B and C both depend on A

All have global variables, now if D's globals_t inherit from both B and C's globals_t, the overriden definitions of `globals<"A">()` return the same address, but without the `naked` specifier we'll have an ODR violation, even though we don't really care about it.

The scalability here is the fact that we only need to override the definitions of the direct dependencies's `globals()` function and provide legacy definitions for our own TU.

This is the main idea.

For static globals, we can put them in the `globals_t` struct as private members, and befriend everything dependent on it (this is one file only, so this is scalable).

Inline globals (or static globals in header files) can be handled with template metaprogramming.

Static members are the hardest to support:

As a static member's initalization may depend on a global variable's initialization and vice versa, we have to put their initialization inside the `globals_t` struct.

This complicates the whole thing slightly as now we need to support access specifiers (`protected` is the hardest to support in a scalable way, I think it requires getting a typelist of all bases of a given type at compile time which is not standard as of yet), "templatize" `globals_t` somewhat (for static non-inline members of template classes) and handle name collisions (as we put static members of different classes in the same `globals_t` structure).

Note this is achievable using heavy template metaprogramming and introducing global template function `statics<T>()` to get the static members of some type.

Note that for backward compatibility, we can replace any global variable by a reference to the member inside `get_globals()` and the order is definitely defined, i.e. if we recompile A after the transformation and add all these references, the old B, C or D would still compile just fine, even if they are not updated (due to the legacy reference members).

I'm leaving the details of all of these out of here for now, as I wan't to discuss the merit of this proposal before delving into complicated library implementation.

Advantages

It solves the static initialization order fiasco
It has zero runtime overhead
It can be automated
Every access to global variables would look like `globals().var`- i.e. the reader (both human and compiler) could detect `pure`ness very simply.
We get static constructors/destructors for free: put them in the body of the ctor of `globals_t`

Disadvantages

It does not solve the static deinitialization order fiasco, but forces an order instead of an undefined one (which is better IMO).
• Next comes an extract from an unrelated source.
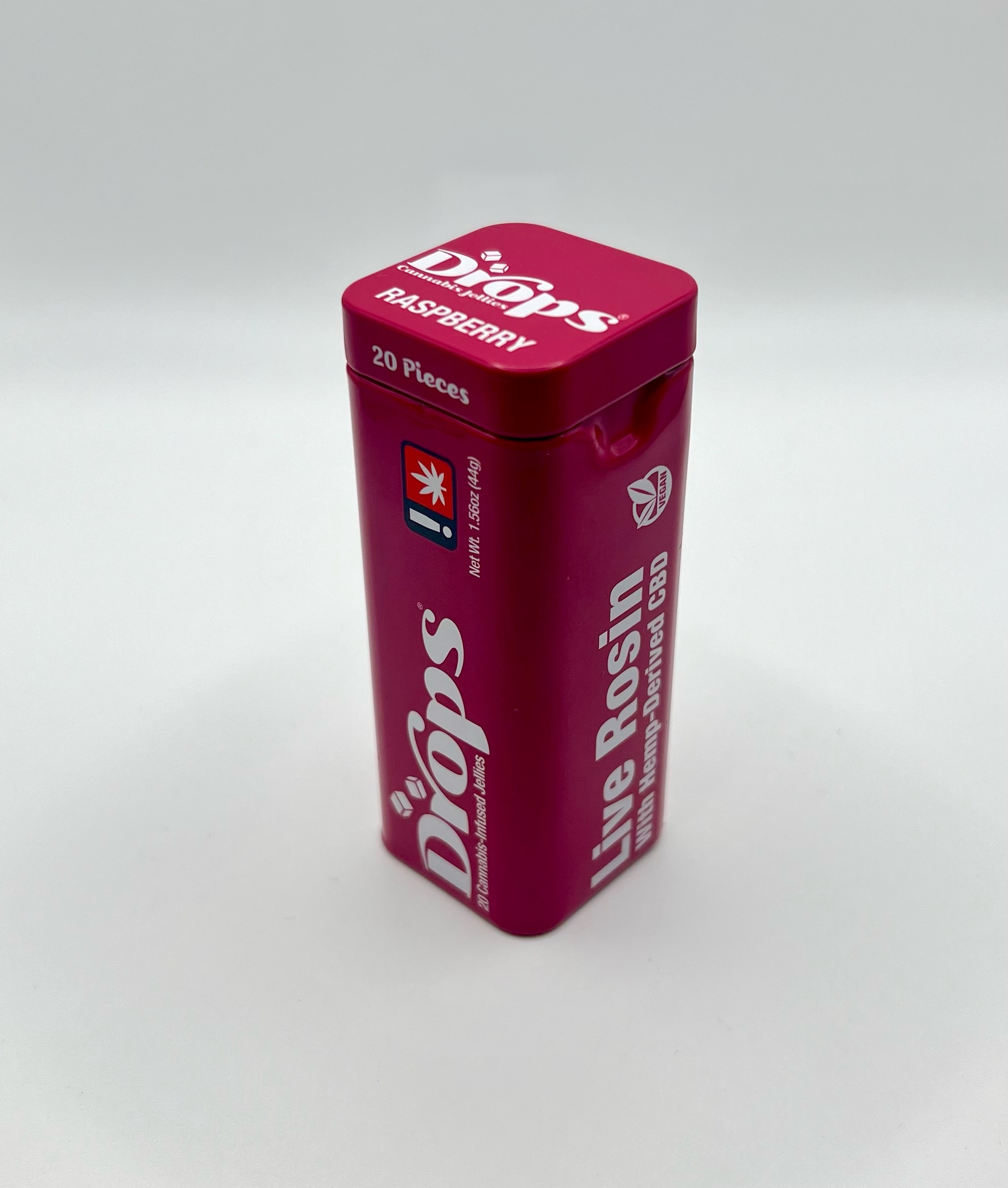 Photograph of product: Drops | Raspberry 1:2 | TH-oui | 100mg Gummy 20pk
But this is a breaking change for a code base - if the "correct" deinitialization order is nesscesarily different from the initialization one, then it would stay broken. It can be supported with some ugliness (seperating the ctor/dtor of the globals from their space's allocation).
It requires one place in the translation unit where all globals are known (the place where `globals_t` is defined).
The template metaprogramming might take a toll on compile times (preserving access specifiers of static members through inheritance hieriechy is not very scalable)
We have to wrap a lot of the code here in ugly macros to hide all the gory template metaprogramming details (and the naked, weak tricks, and the multiple inheritance etc.). Reflection and Metaclasses would remove all this ugliness, and provide a (complicated) library only solution.

Proposals

This is comprised of three parts

1. [Core] Add `weak` and `naked` context sensitive keywords (they have observable effect on the program, therefore cannot be attributes according to the guidelines).

The behaviour of those keyword in the standard would be defined by exceptions to the ODR rule.

2. [Library] Add to the standard library the needed ingredients for this construct.

3. [SG15] Some description of the code transformation of the tool (I'm not sure what can actually be proposed there).

The motivation to put the library in the standard as well is that in the (optimistic, non realistic) future where the access to globals everywhere is via `lib::globals()` this "lib" should very definitely be "std"

especially as this library would be a very complex template machine which might need compiler hooks for optimized implementation.

Note I have not written any details for the proposal as I want to discuss merit beforehand.